Published on 02 January 2026

The question

What obligations will tech firms face once cyberflashing becomes a “priority offence” under the Online Safety Act?

The key takeaway

The UK Government intends to classify cyberflashing as a priority offence under the Online Safety Act (OSA). This will require in-scope tech companies to take proactive and proportionate steps to reduce the risk of users encountering unsolicited sexual images. Failure to comply could result in enforcement by Ofcom, including fines of up to 10% of global annual turnover and, in extreme cases, service-blocking in the UK.

The background

Cyberflashing - sending unsolicited sexual images for the purpose of causing alarm, distress or sexual gratification - became a criminal offence in England and Wales in January 2024 following amendments introduced by the OSA.

In a press release on 29 September 2025, the Technology Secretary announced that the Government intends to designate cyberflashing as a priority offence. The move reflects growing concerns about online safety, supported by research indicating that around one in three girls under 18 have received unsolicited sexual images online.

A priority-offence designation under the OSA activates enhanced obligations for regulated services, including mandatory risk assessments, proactive mitigation measures, and ongoing safety-by-design practices.

The development

When cyberflashing becomes a priority offence:

  • user-to-user and search services in scope of the OSA must assess the likelihood of users encountering unsolicited sexual images on their platform;
  • platforms must implement proportionate, preventative measures to minimise that risk;
  • Ofcom’s Codes of Practice (or alternative compliant measures) will guide what “proportionate” looks like in practice.

The Government has highlighted possible measures, including automated detection of harmful images, stronger moderation, clearer content policies, and restricting how images can be sent by new or unverified users. While these are examples, not mandatory tools, they signal regulatory expectations around effective and proactive design choices.

Ofcom will supervise compliance and may use its full enforcement toolkit where risks are not adequately addressed.

Why is this important?

The designation elevates cyberflashing to one of the OSA’s most serious categories of harm, meaning:

  • platforms must shift from passive moderation to active prevention;
  • Ofcom will expect demonstrable governance, testing, and monitoring of mitigation measures;
  • enforcement risks increase significantly, including fines of up to 10% of global turnover and potential access restrictions.

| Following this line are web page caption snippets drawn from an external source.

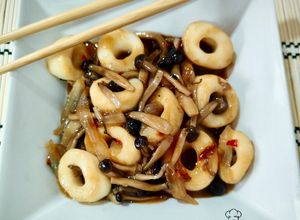 Una foto de Calamares con setas shimeji y salsas asiáticas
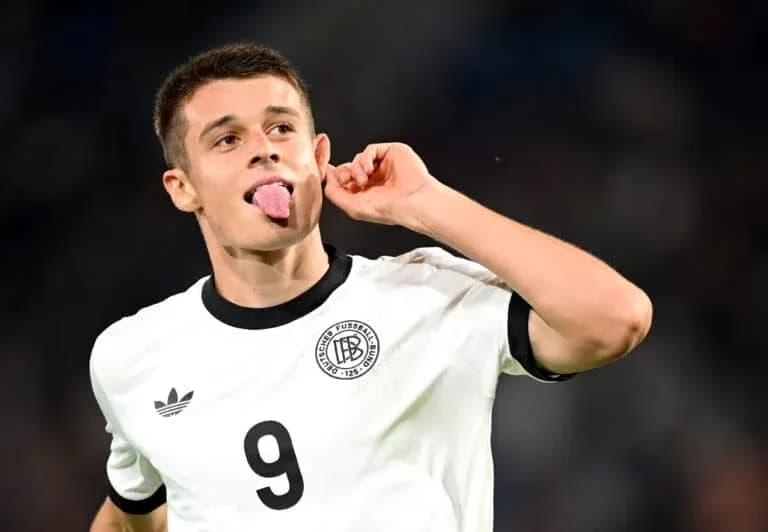 Jugador de Alemania celebrando un gol con gesto Jugador de Alemania celebrando un gol con gesto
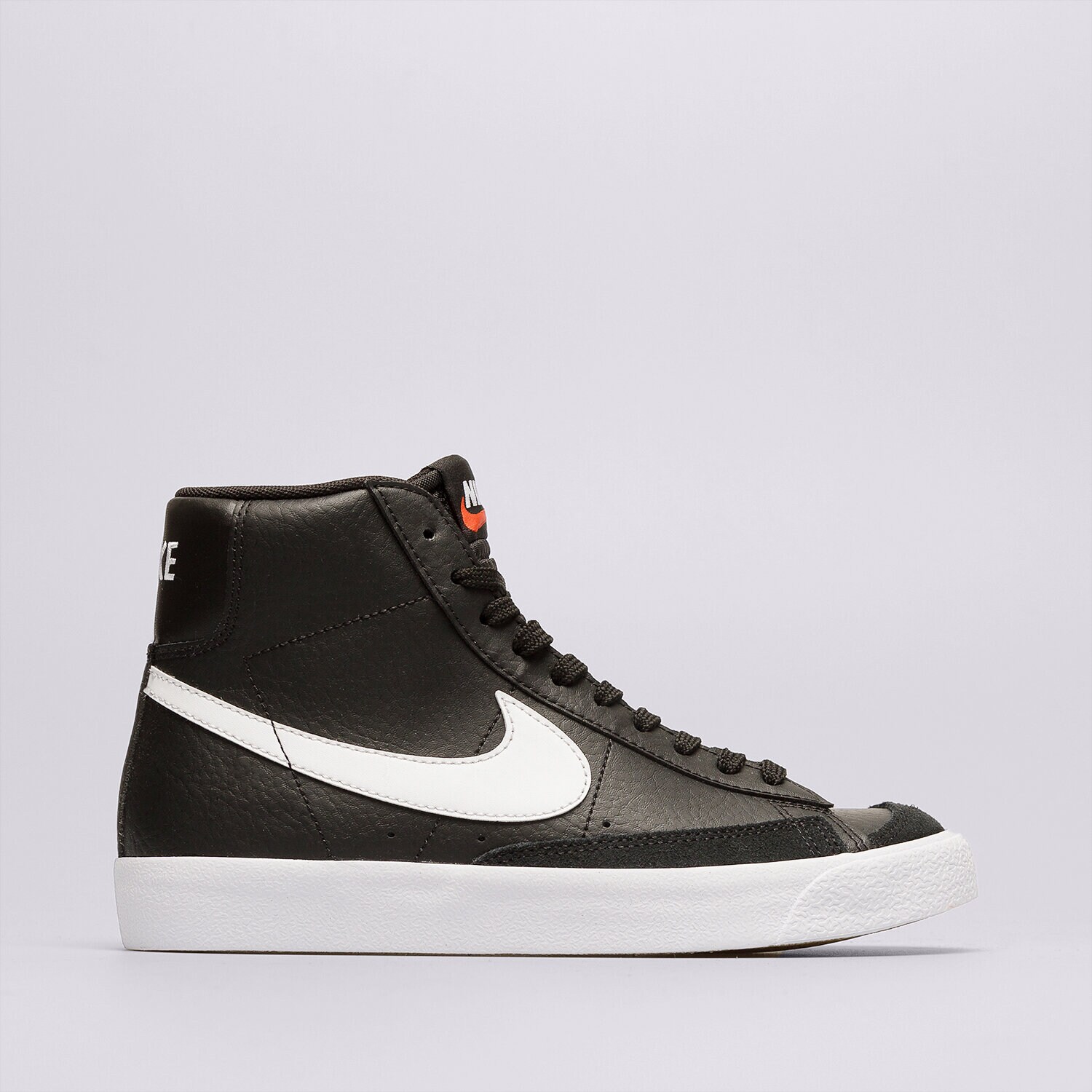 Otroški superge NIKE BLAZER MID '77 BG DA4086-002 črna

Beyond regulatory exposure, there is a commercial upside: platforms that visibly protect users from harmful behaviour build trust, retention, and brand resilience.

Any practical tips?

There is no single prescribed solution, but tech businesses should begin preparing by:

  • conducting a targeted risk assessment of where and how unsolicited images may be shared on their service;
  • testing proportionate technical mitigations, such as opt-in image sharing for non-contacts, friction for new accounts, or automated detection tools (with strong privacy controls);
  • reviewing user policies and enforcement pathways to ensure clear consequences for offenders;
  • documenting governance, decisions, and safety measures, recognising that Ofcom may request evidence;
  • monitoring Ofcom guidance and Government statements to understand what will qualify as “effective” mitigation.

Early action will help organisations demonstrate readiness ahead of formal designation and reduce future enforcement risk.